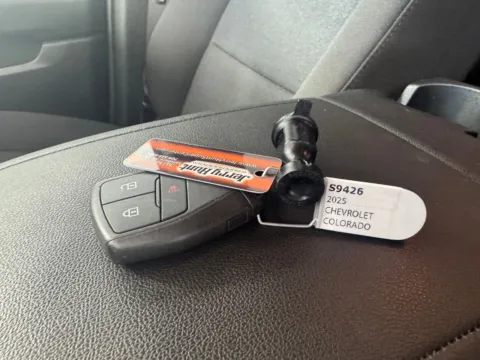 Another view of 2025 Chevrolet Colorado Trail Boss for sale in Salisbury, NC at Jerry Hunt Supercenter - Salisbury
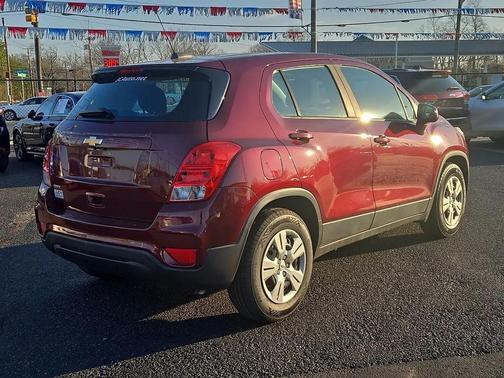 2017 Chevrolet Trax LS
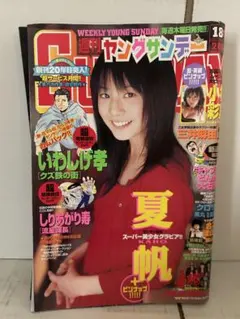 週刊ヤングサンデー 最終号 - メルカリ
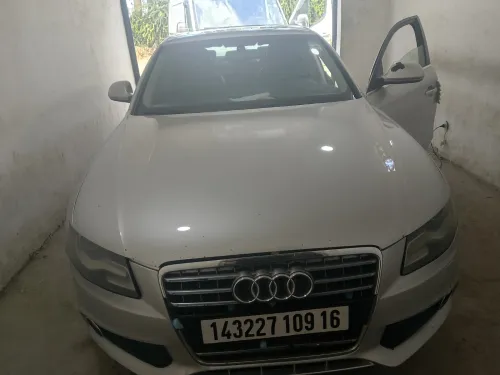 Audi A4 2009 Ambition Luxe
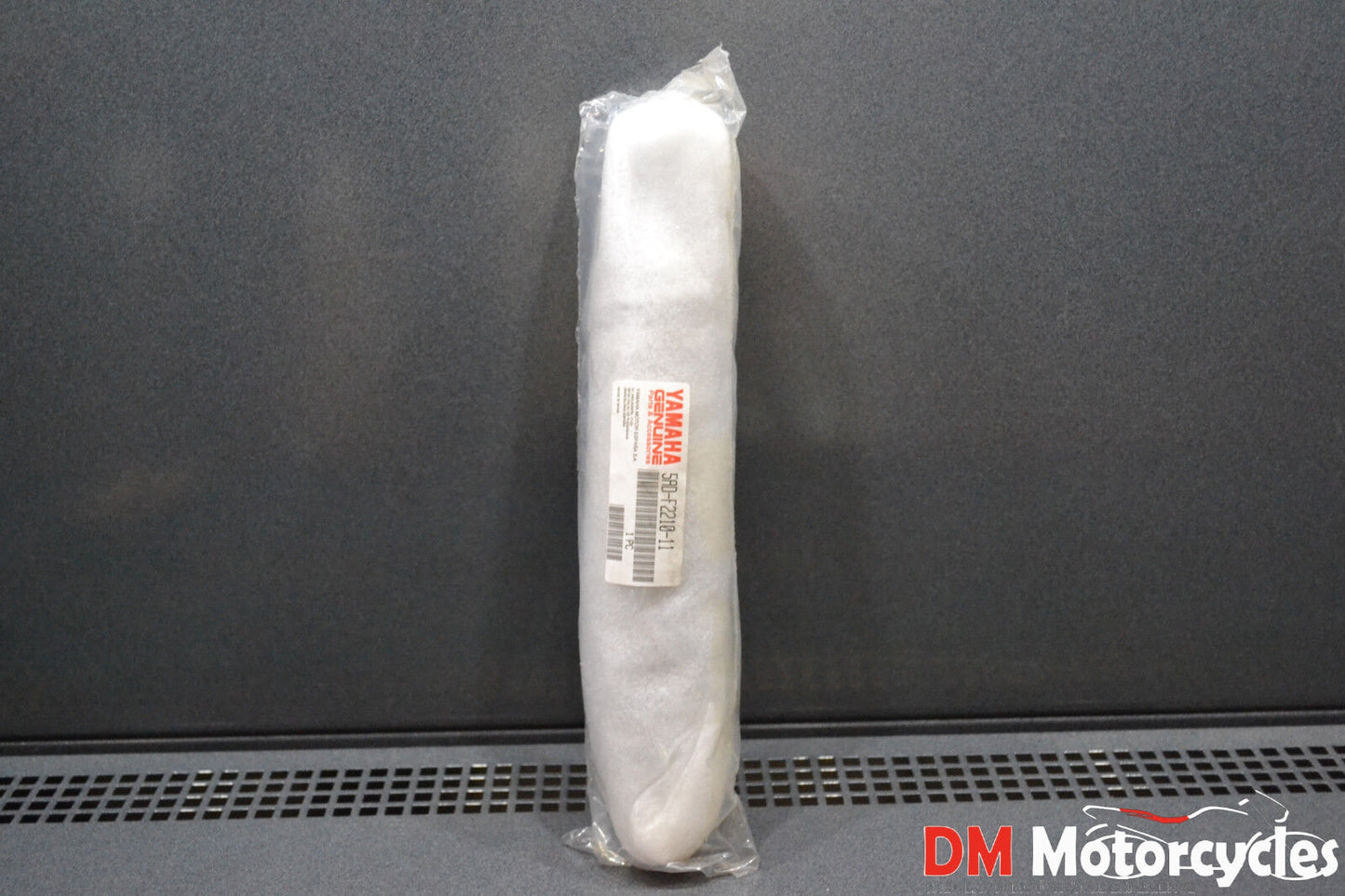 Yamaha genuine new yn 50 yn 100 neos 1999 rear shock pn 5ad-f2210-11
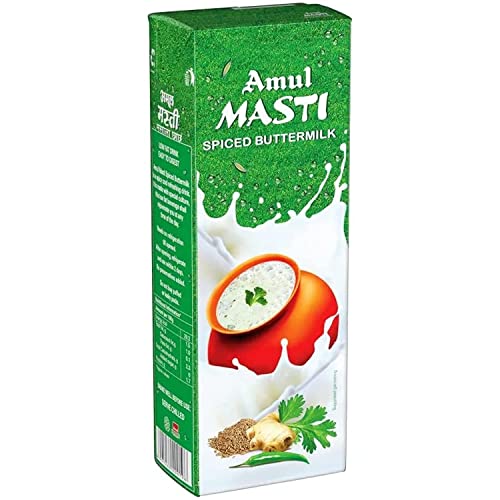 Image of Amul Masti Spiced Butter Milk, 200 Ml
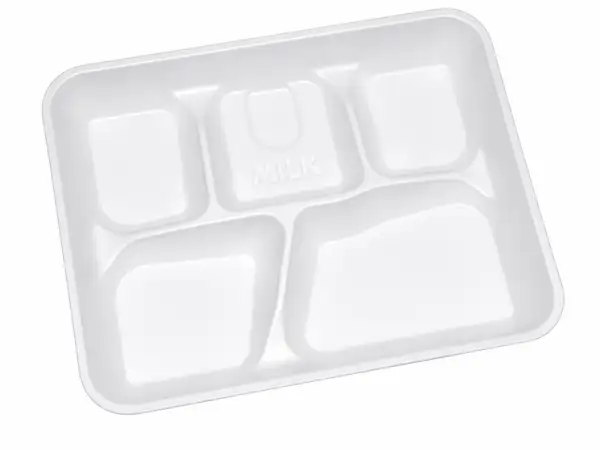 Cafeteria & School Lunch Tray Base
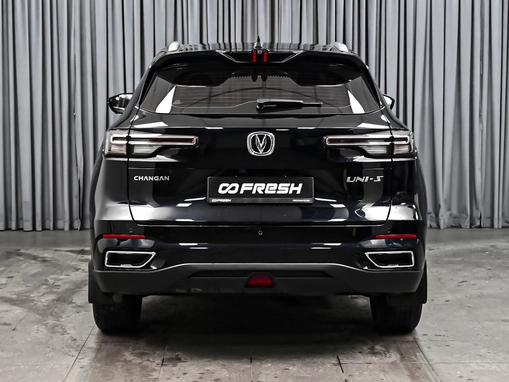 Changan UNI-S (CS55 Plus)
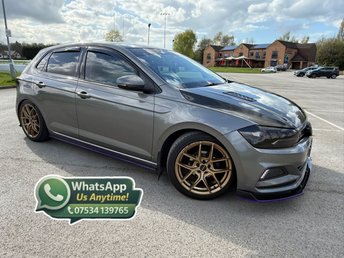2019 VOLKSWAGEN POLO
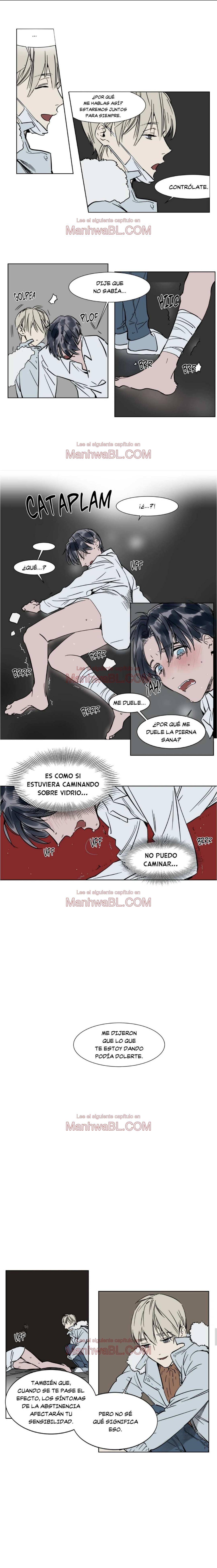 El legado obediente - Capítulo 23 manhwa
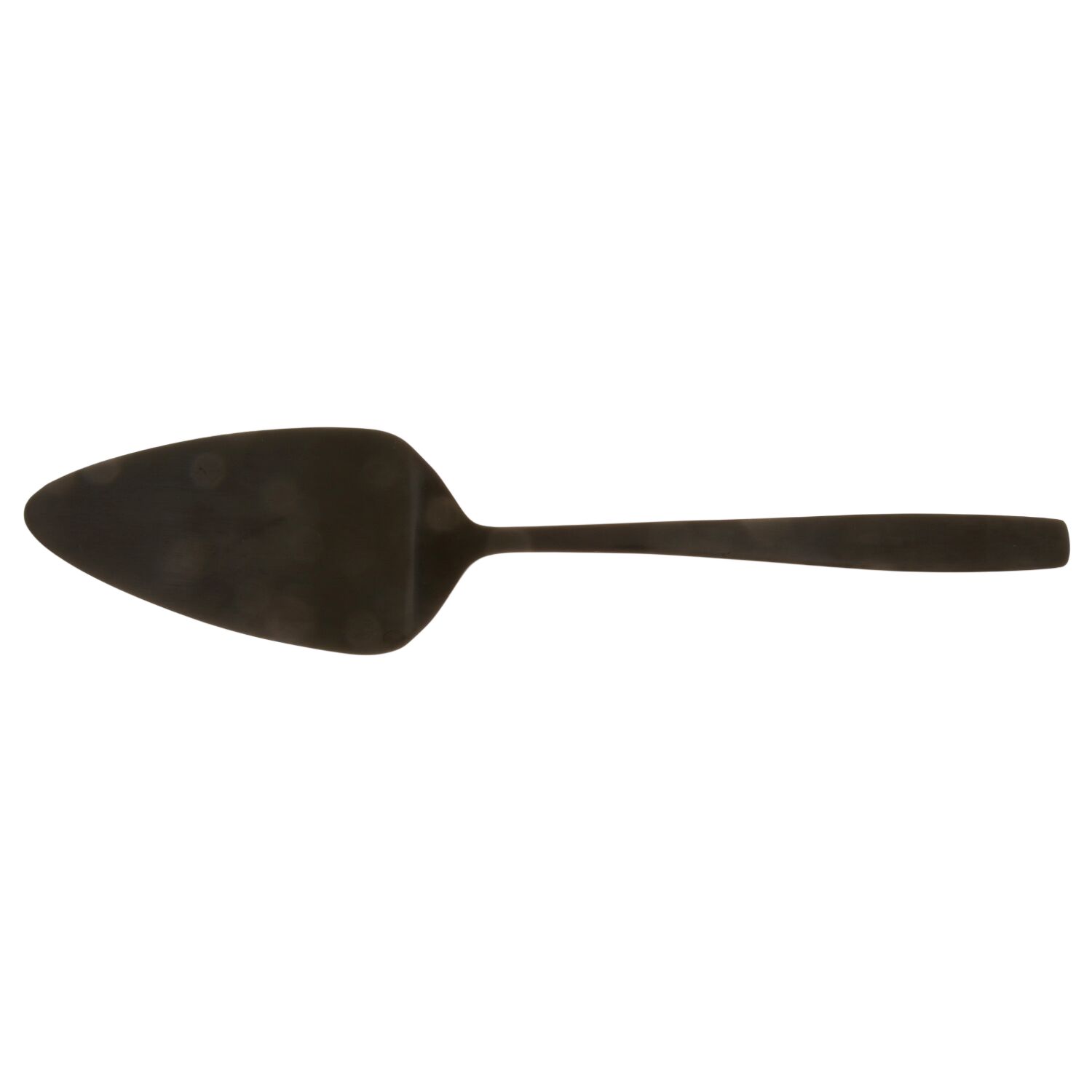 Hearth and Hand Matte Black (Stainless) Solid Pastry Server by Magnolia-1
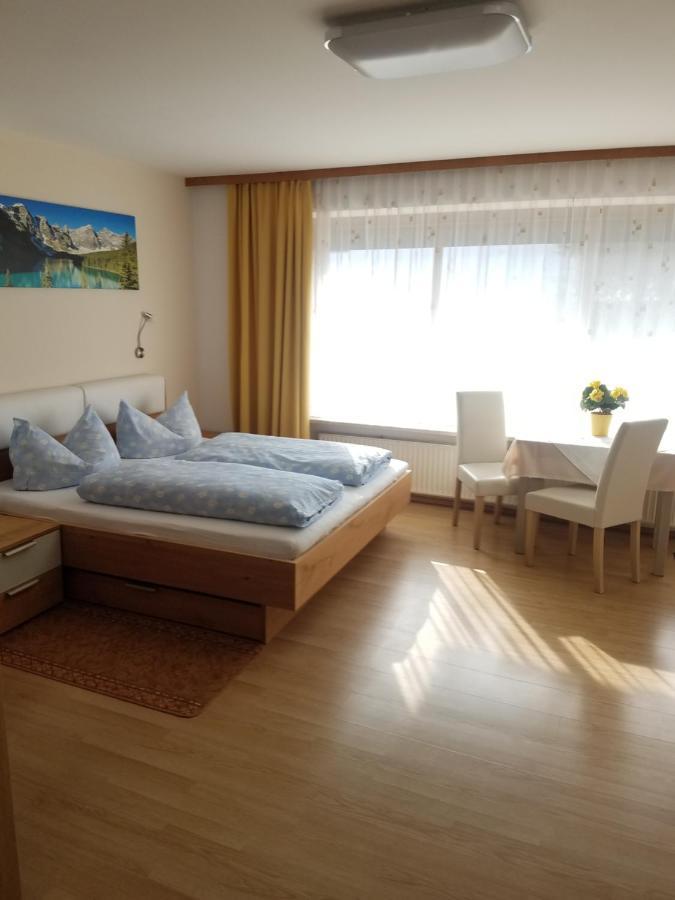 Gaestehaus Fahringer Walchsee Extérieur photo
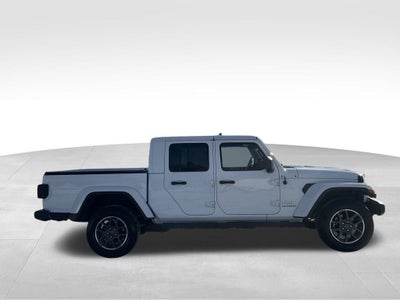 2022 Jeep Gladiator Overland 4x4
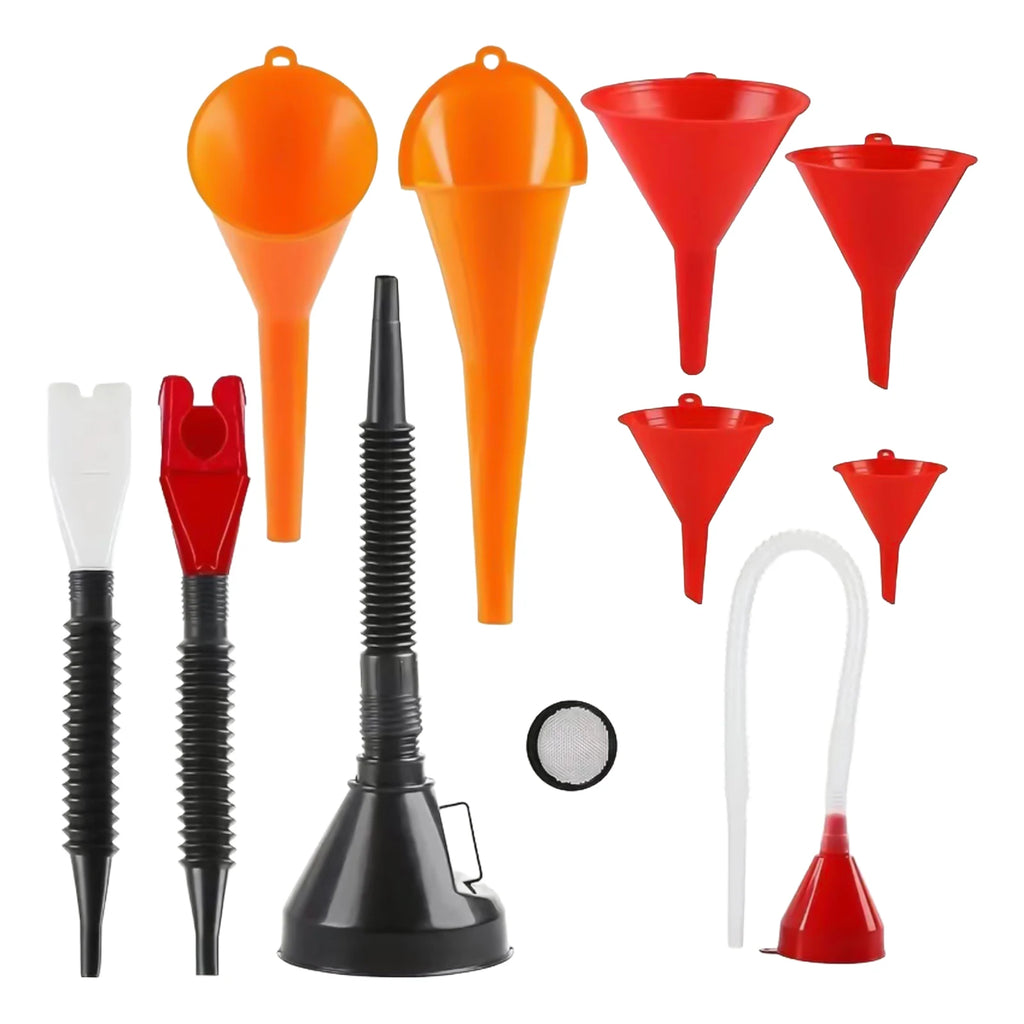 DREAMWEAVER - FLEXIBLE AUTOMOTIVE FUNNEL SET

-----

**Task to carry out:**
Repeat exactly the line containing "Changan UNI-S (CS55 Plus)" and every line after it through the end of the records, and nothing else. Leave the pictures out.

**Exercise result:**
 Changan UNI-S (CS55 Plus)
2019 VOLKSWAGEN POLO
 El legado obediente - Capítulo 23 manhwa
 Hearth and Hand Matte Black (Stainless) Solid Pastry Server by Magnolia-1
 Gaestehaus Fahringer Walchsee Extérieur photo
 2022 Jeep Gladiator Overland 4x4
 DREAMWEAVER - FLEXIBLE AUTOMOTIVE FUNNEL SET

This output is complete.